InNOVAtion (aka Science Rocks) draws nearly 600

Public outreach will be a big part of the Sanford Underground Laboratory at Homestake, and it has already started. An event here July 12 drew almost 600 visitors, thanks to thorough and expert promotion by South Dakota Public Broadcasting, which was a co-sponsor of InNOVAtion. In fact, SDPB dreamed up the Saturday morning event. The popular science series NOVA also helped. (Hence, InNOVAtion.)

The event included two presentations by NOVA producer Julia Cort, who talked about raising obelisks in Egypt and hunting “dark matter” in Minnesota. Sanford Lab director Dr. Jose Alonso went into more detail about dark matter and neutrinos. Dr. Cynthia Anderson of Black Hills State University talked about looking for strange life forms deep underground at Homestake. Duane Ennis, a former Homestake gold miner who is helping re-open the mine for science, talked about Homestake’s unique underground culture.

Visitors to InNOVAtion also saw videos and displays. They got to participate in hands-on experiments, both in the dry and in the state’s Science on the Move semi-trailer. More than 450 visitors went on walking tours of the Yates Hoist Room. For a first-person account from an actual visitor, see the Black Hills Pioneer. Click the “more” button for more photos. 
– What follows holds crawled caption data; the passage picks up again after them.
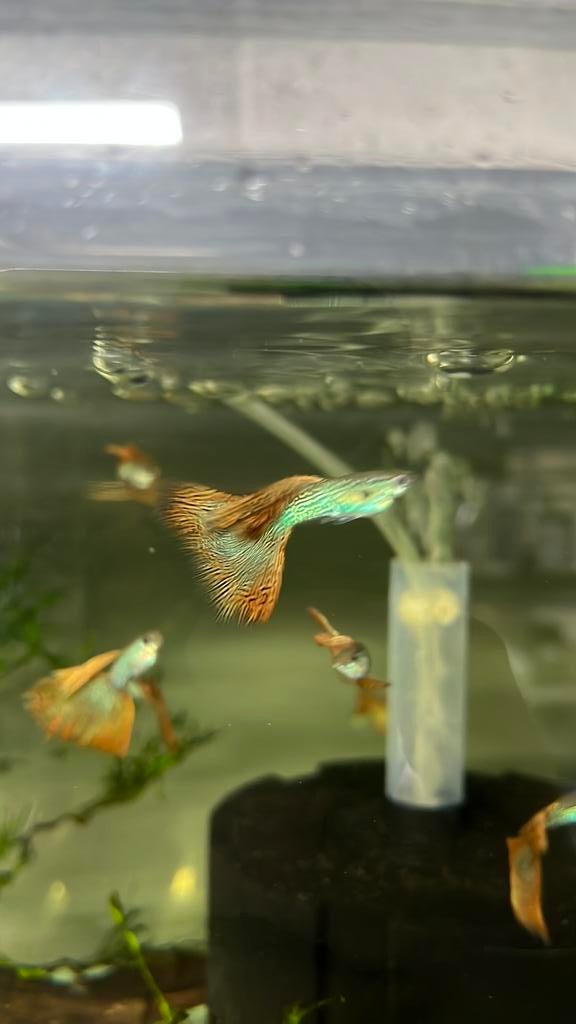 Mooie raszuivere Red lace guppies te koop, Dieren en Toebehoren, Vissen | Aquariumvissen, Vis, Zoetwatervis, Schoolvis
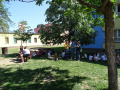 batch_DSC06209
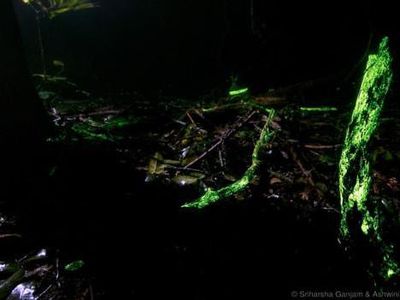 Foto: Lihatlah, Hutan Ini Bercahaya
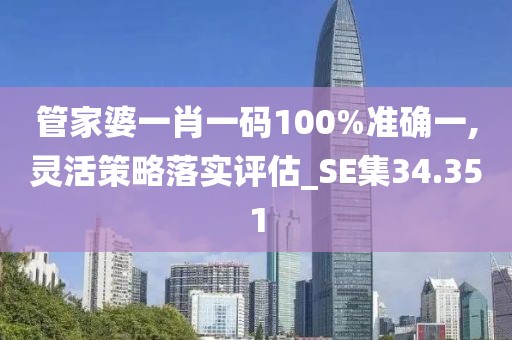 管家婆一肖一码100%准确一,灵活策略落实评估_SE集34.351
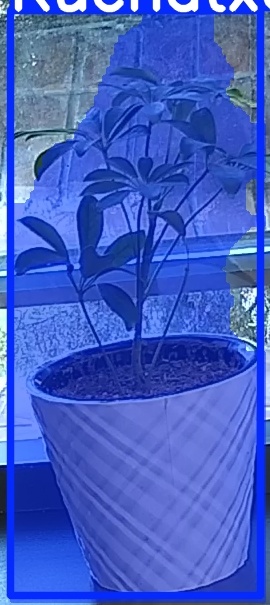 TREE-000011_20260623_064434.jpg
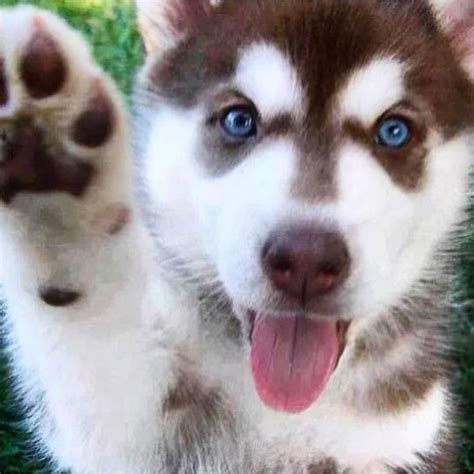 See More Beautiful Siberian Husky Dog Photos Where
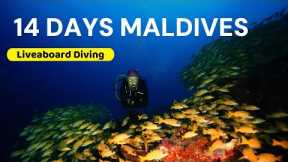 Exploring Paradise: 14 Days scuba diving on a Maldives Liveaboard 🦈 🤿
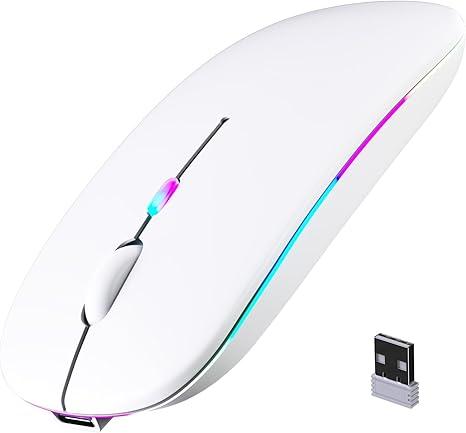 Wireless Bluetooth Mouse, Rechargeable, LED, Silent, Ultra-thin Design (Bluetooth 5.2 and 2.4GHz USB Receiver) | Portable Computer Mouse for Laptops, iPads, MacBooks and Apple Devices (white)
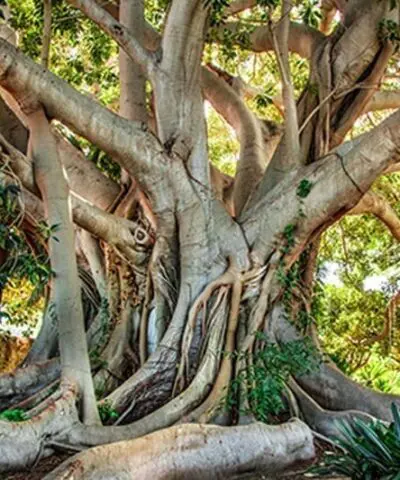 Old Tree Sicily
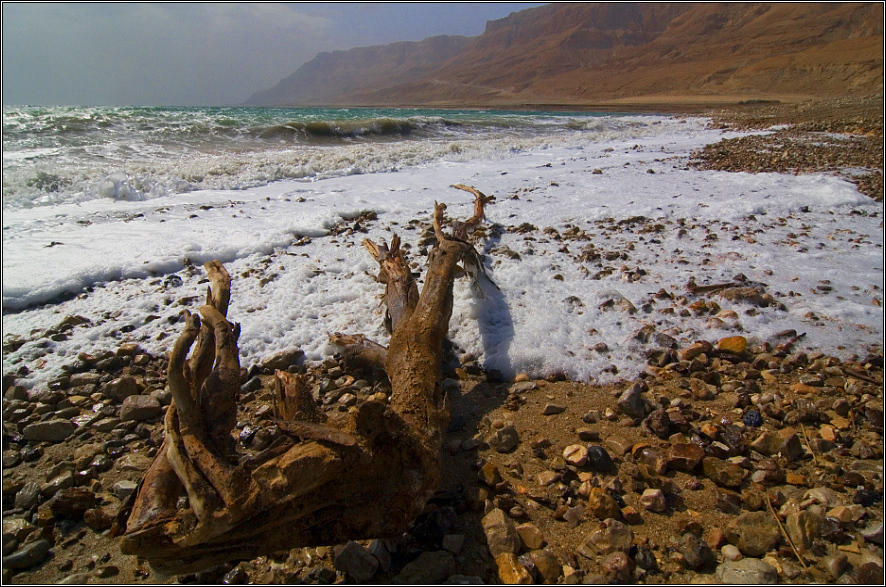 Фото жизнь (light) - MIUN - корневой каталог - Мёртвое Море штормит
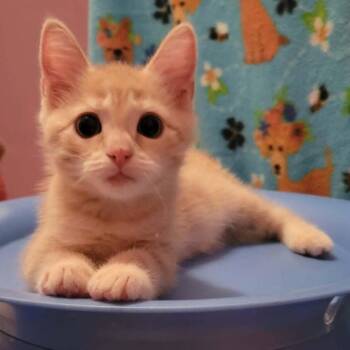 Itchy -  Domestic Short Hair Cat for Adoption in Candler, North Carolina - Itchy | PetCurious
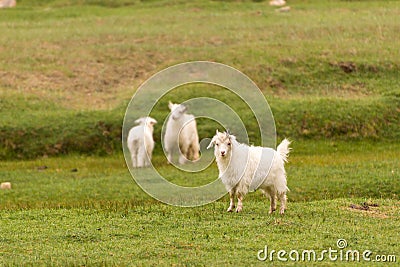 White pashmina goats Stock Photo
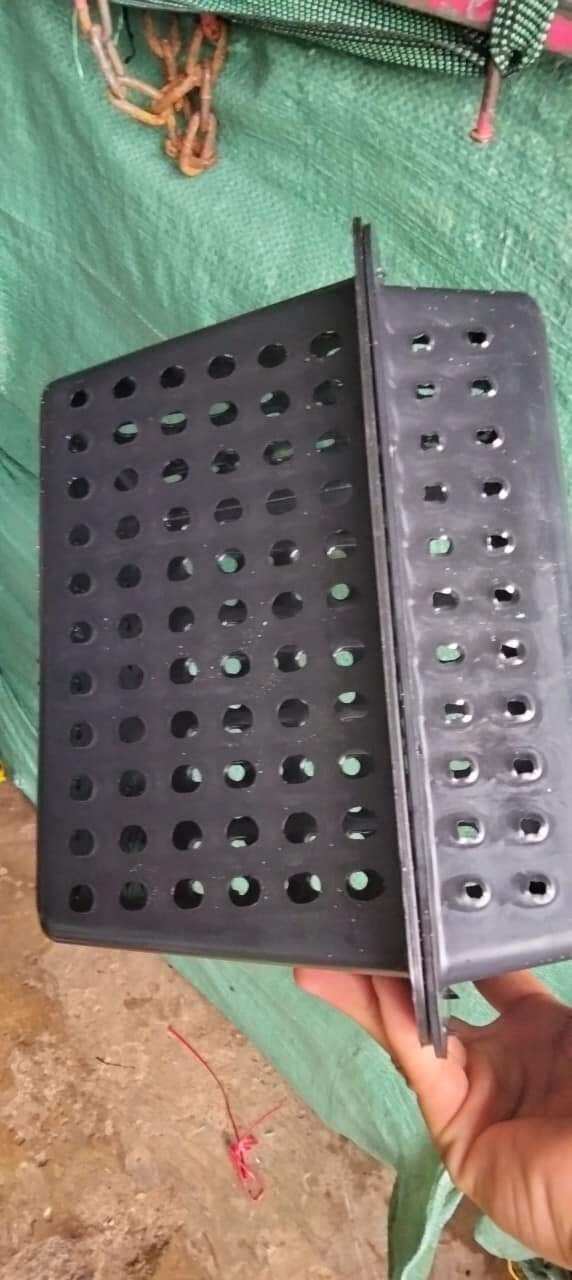 Hộp nhựa nuôi cua biển dưới ao nuôi trong bể kích thước 22×28×20 hộp nhựa nguyên sinh dẻo dày cua kẹp không đứt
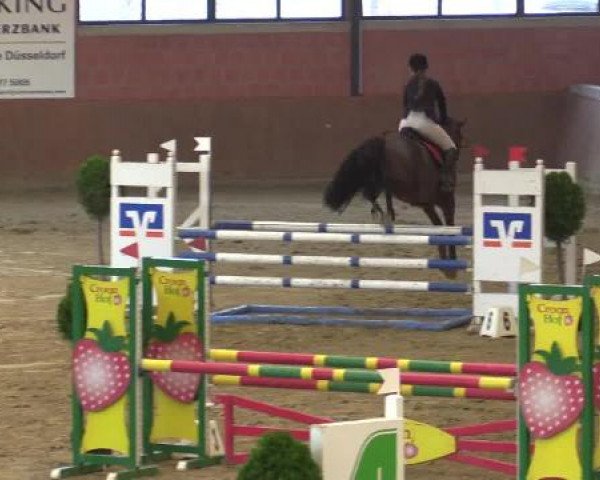 Junior-Open 2014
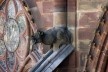 Quimera na fachada da Catedral de Notre-Dame de Strassbourg<br />Foto Victor Hugo Mori 
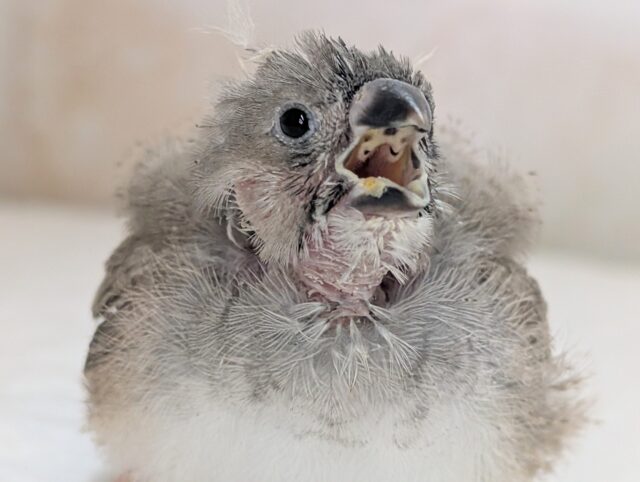 🌟最新画像🌟 かわいい警報発令中～🩷 キンカチョウ🐣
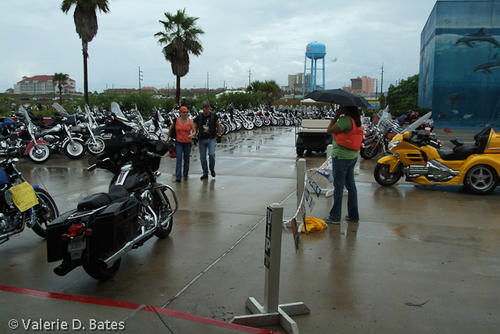 20061014_spibikefest-110.jpg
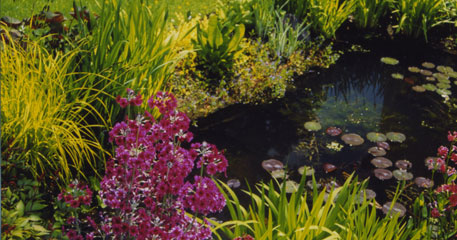 Our services in action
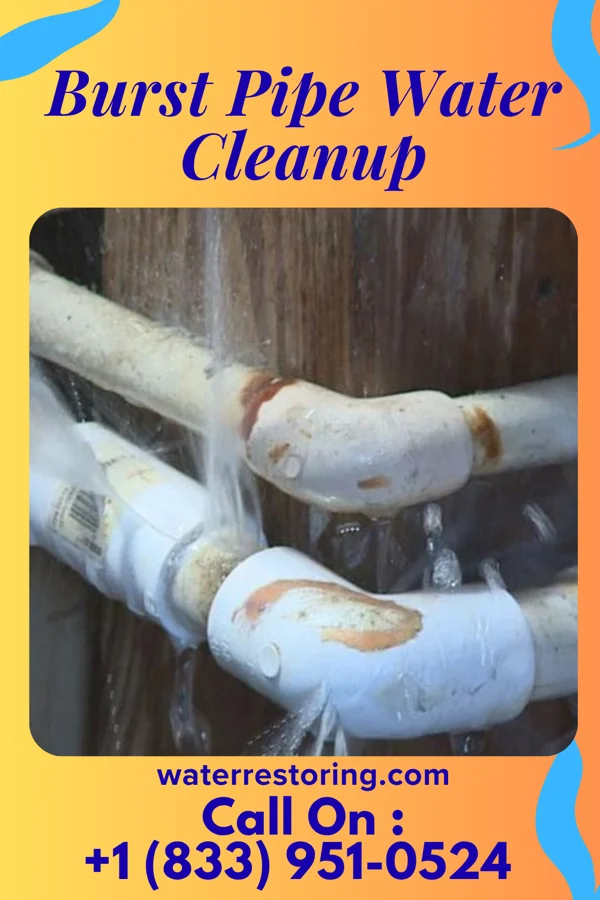 Burst Pipe Water Cleanup in Gladwin, MI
Why they call it a “dry.” 

The Yates Dry was a locker room for the Homestake miners who descended to work down the Yates shaft. (The Ross shaft had its own dry.) It was called a dry because after a shift deep underground, where rock temperatures can reach 135 degrees, miners’ clothes were soaking wet. The dry was kept hot, so clothes would dry overnight. (In the Yates there were even hangers on pulleys, so wet mine clothes could be pulled up to the hottest part of the big locker rooms.)